Question

1. donations emily has 20 collectible dolls from different countries that she will donate. if she selects 10 of them at random, what is the probability that she chooses the dolls from ecuador, paraguay, chile, france, spain, sweden, switzerland, germany, greece, and italy?

Explanation:

Step1: Determine total number of ways to choose 10 dolls from 20.

The formula for combinations is \( C(n, k)=\frac{n!}{k!(n - k)!} \), where \( n = 20 \) and \( k=10 \). So \( C(20,10)=\frac{20!}{10!(20 - 10)!}=\frac{20!}{10!×10!} \).

Step2: Determine number of favorable outcomes.

We need to choose 10 dolls that include 9 specific dolls (Ecuador, Paraguay, Chile, France, Spain, Sweden, Switzerland, Germany, Greece, Italy? Wait, wait, the 9 countries?
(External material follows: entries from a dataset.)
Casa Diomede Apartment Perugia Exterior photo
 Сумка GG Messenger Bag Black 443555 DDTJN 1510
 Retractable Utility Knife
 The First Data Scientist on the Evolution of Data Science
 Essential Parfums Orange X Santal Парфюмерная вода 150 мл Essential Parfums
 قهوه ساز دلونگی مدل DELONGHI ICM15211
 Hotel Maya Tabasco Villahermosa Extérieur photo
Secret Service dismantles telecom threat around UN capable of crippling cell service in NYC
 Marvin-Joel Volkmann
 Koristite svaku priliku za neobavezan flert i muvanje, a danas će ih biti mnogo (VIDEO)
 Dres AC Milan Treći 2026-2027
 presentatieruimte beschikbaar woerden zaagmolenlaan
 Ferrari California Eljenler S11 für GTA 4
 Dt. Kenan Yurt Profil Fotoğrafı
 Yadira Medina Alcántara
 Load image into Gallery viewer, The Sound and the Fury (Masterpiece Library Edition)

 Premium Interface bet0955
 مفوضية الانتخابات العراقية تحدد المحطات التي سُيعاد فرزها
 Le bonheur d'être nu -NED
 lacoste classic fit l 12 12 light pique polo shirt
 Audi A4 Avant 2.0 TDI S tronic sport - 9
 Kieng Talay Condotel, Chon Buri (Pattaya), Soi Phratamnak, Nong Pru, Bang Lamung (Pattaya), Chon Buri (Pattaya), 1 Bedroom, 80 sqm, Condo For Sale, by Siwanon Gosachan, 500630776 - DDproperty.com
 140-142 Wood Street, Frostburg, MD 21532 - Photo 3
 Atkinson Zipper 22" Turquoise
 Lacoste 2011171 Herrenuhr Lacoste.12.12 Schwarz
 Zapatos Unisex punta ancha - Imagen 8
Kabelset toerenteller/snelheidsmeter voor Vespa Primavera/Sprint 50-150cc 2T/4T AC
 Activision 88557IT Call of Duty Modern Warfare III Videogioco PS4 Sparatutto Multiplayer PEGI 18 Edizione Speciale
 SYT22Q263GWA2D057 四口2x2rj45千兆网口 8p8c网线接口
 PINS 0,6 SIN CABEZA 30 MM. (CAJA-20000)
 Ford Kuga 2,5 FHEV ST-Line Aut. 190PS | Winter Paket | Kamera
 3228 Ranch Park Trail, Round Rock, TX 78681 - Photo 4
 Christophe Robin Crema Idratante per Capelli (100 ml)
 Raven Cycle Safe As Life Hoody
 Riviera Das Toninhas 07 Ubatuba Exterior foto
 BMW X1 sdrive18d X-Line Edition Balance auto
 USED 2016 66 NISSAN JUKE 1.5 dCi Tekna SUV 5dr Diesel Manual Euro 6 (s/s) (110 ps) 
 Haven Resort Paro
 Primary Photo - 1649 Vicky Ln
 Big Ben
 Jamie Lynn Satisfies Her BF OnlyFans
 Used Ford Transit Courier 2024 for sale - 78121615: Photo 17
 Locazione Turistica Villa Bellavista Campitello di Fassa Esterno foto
Wait, no, wait: the problem says "chooses the dolls from Ecuador, Paraguay, Chile, France, Spain, Sweden, Switzerland, Germany, and Italy" – that's 9 dolls. So we need to choose 10 dolls, and 9 of them are fixed (these 9), so we need to choose 1 more doll from the remaining \( 20 - 9=11 \) dolls. So the number of favorable combinations is \( C(11,1)=\frac{11!}{1!(11 - 1)!}=\frac{11!}{1!×10!}=11 \).

Step3: Calculate the probability.

Probability \( P=\frac{\text{Number of favorable outcomes}}{\text{Total number of outcomes}}=\frac{C(11,1)}{C(20,10)} \).

First, calculate \( C(20,10)=\frac{20×19×18×17×16×15×14×13×12×11}{10×9×8×7×6×5×4×3×2×1}=184756 \).

\( C(11,1) = 11 \).

So \( P=\frac{11}{184756}=\frac{1}{16796} \) (Wait, 184756 ÷ 11 = 16796? Let's check: 11×16796 = 11×(16000 + 796)=176000+8756 = 184756. Yes. So 11/184756 = 1/16796? Wait, no: 11 divided by 184756: let's simplify. 184756 ÷ 11 = 16796, so 11/184756 = 1/16796? Wait, no, 11 and 184756: GCD of 11 and 184756. 184756 ÷ 11 = 16796, so yes, 11/184756 = 1/16796? Wait, no, 11 is the numerator, 184756 is the denominator. 184756 ÷ 11 = 16796, so 11/184756 = 1/16796. Wait, but let's re - check the favorable outcomes. Wait, the problem says "chooses the dolls from Ecuador, Paraguay, Chile, France, Spain, Sweden, Switzerland, Germany, and Italy" – that's 9 dolls. She is choosing 10 dolls, so she must include these 9 and 1 more from the remaining 20 - 9 = 11. So the number of favorable is C(11,1)=11. Total number of ways to choose 10 from 20 is C(20,10)=184756. So probability is 11/184756 = 1/16796 ≈ 5.95×10^{-5}? Wait, no, 1/16796 is approximately 0.0000595, or 5.95×10^{-5}. But let's check the combination calculation again.

Wait, \( C(20,10)=\frac{20!}{10!10!}=\frac{20×19×18×17×16×15×14×13×12×11}{10×9×8×7×6×5×4×3×2×1} \). Let's compute numerator: 20×19 = 380; 380×18 = 6840; 6840×17 = 116280; 116280×16 = 1860480; 1860480×15 = 27907200; 27907200×14 = 390700800; 390700800×13 = 5079110400; 5079110400×12 = 60949324800; 60949324800×11 = 670442572800. Denominator: 10!×10! = (3628800)×(3628800)=13168189440000. Wait, no, that's wrong. Wait, 10! = 3628800. So 10!×10! = 3628800×3628800. But when we calculate \( C(20,10) \), we can use the formula \( C(n,k)=\frac{n!}{k!(n - k)!} \), and for n = 20, k = 10, \( C(20,10)=184756 \) (this is a known value, the number of ways to choose 10 elements from 20 is 184756). And \( C(11,1)=11 \). So the probability is 11/184756 = 1/16796 ≈ 0.0000595, or 5.95×10^{-5}.

Answer:

The probability is \(\frac{1}{16796}\) (or approximately \(5.95\times10^{-5}\)).